Movement and music—both time-based activities—can be difficult to express in static media such as painting, drawing, and photography, yet many artists feel called to explore them. Movement serves as inspiration—either to capture it or to create it in entirely different media. Similarly, music is driven by rhythm, patterns, and variations that are enticing departures for visual artists. In few places did movement, music, visual arts, and myriad other disciplines intermingle to such impact as they did at Black Mountain College, an experiment in higher education in the mountains of Western North Carolina that existed from 1933 to 1957. For many artists, their introduction to interdisciplinarity at the college resulted in a continued curiosity around those ideas throughout their careers. The works here, selected from the Asheville Art Museum’s Black Mountain College Collection of works, highlight approaches to rendering a lasting imprint of the ephemeral.
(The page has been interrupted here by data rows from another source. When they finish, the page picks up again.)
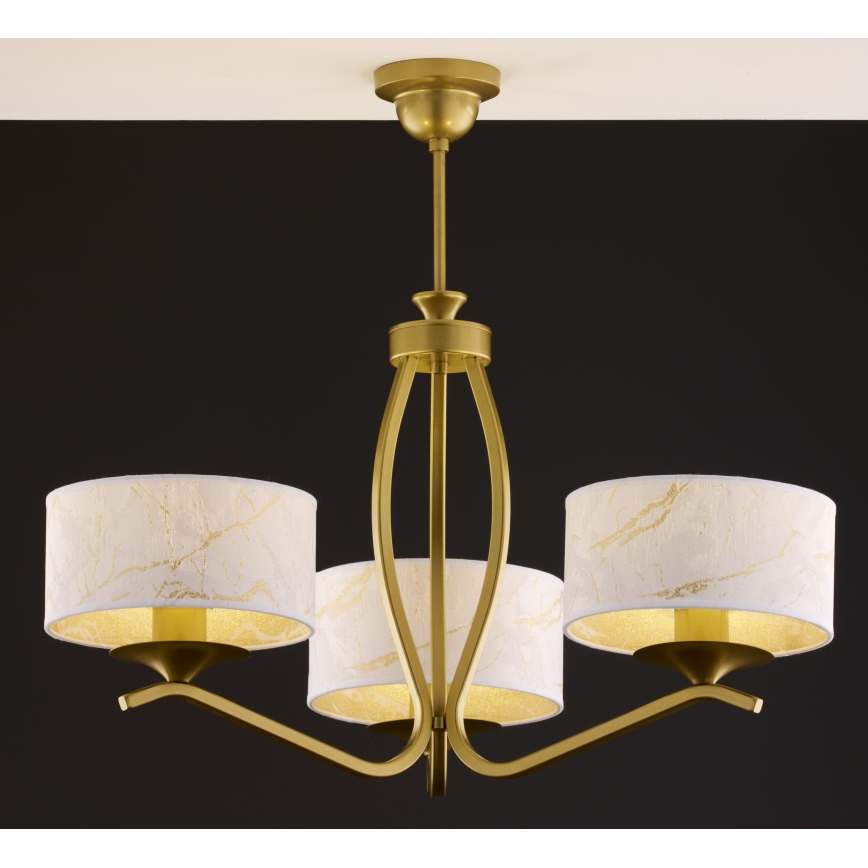 Jupiter 2109 - Pendellampe på stang KASZMIR 3xE27/15W/230V hvid/guld/marmorfinish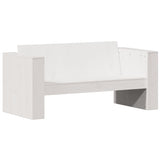 2 Piece Garden Lounge Set White Solid Wood Pine - 45-Degree Angle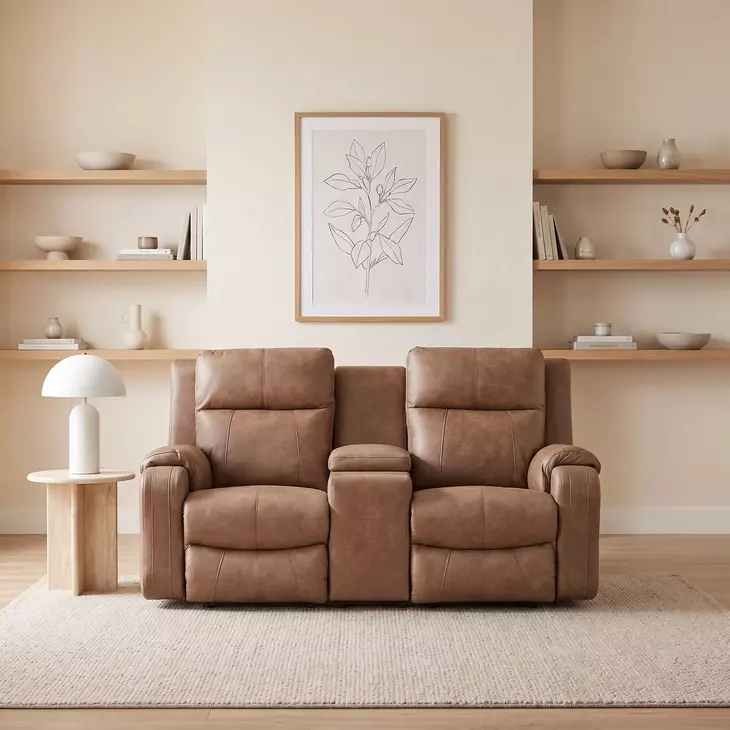 Contour Cocoa 74" Power Reclining Console Loveseat with Power Headrest and USB Charging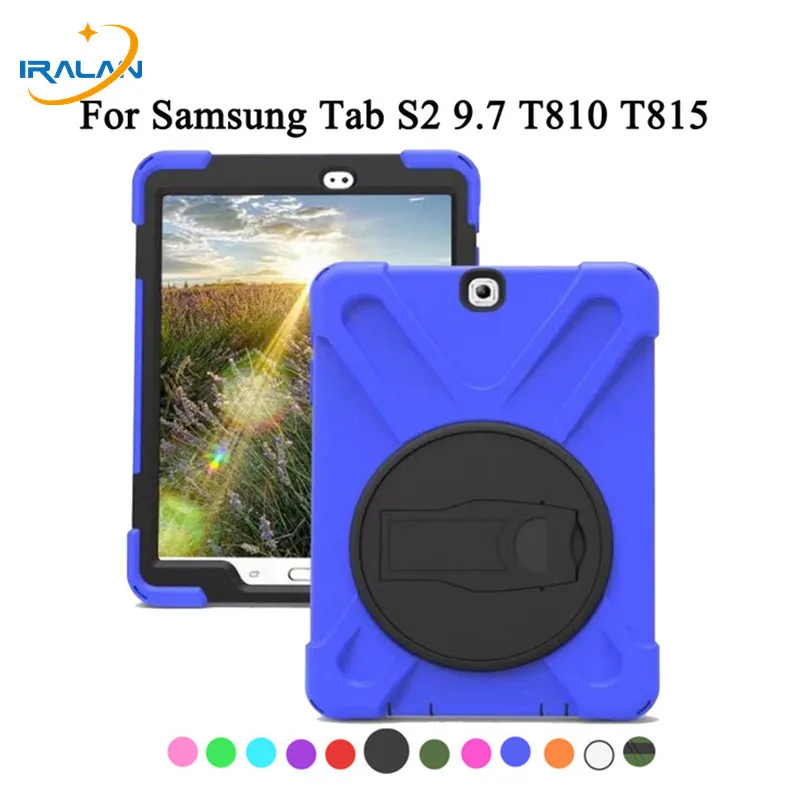 

Kids Shockproof Back Case For Samsung galaxy tab S2 9.7 T810 T815 T819 T813 Heavy Duty Silicon Rubber Stand Cover+screen+sytlus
Artists such as Barbara Morgan and Clemens Kalischer are concerned with the motion of the human form, evoking a sense of elongated or contracted muscles, or of limbs moving through space. Others, like Lorna Blaine Halper or Sewell Silman, approach the challenge through abstraction, foregoing representation yet communicating an atmosphere of dynamic change. Marianne Preger-Simon’s drawings of her fellow dancers at Black Mountain College from summer 1953 are not only portraits but also a dance of pencil on paper, created in the spirit of BMC professor Josef Albers’s line studies as she simultaneously worked with choreographer Merce Cunningham. Each of these artists ultimately reflects on the temporal nature of movement and music.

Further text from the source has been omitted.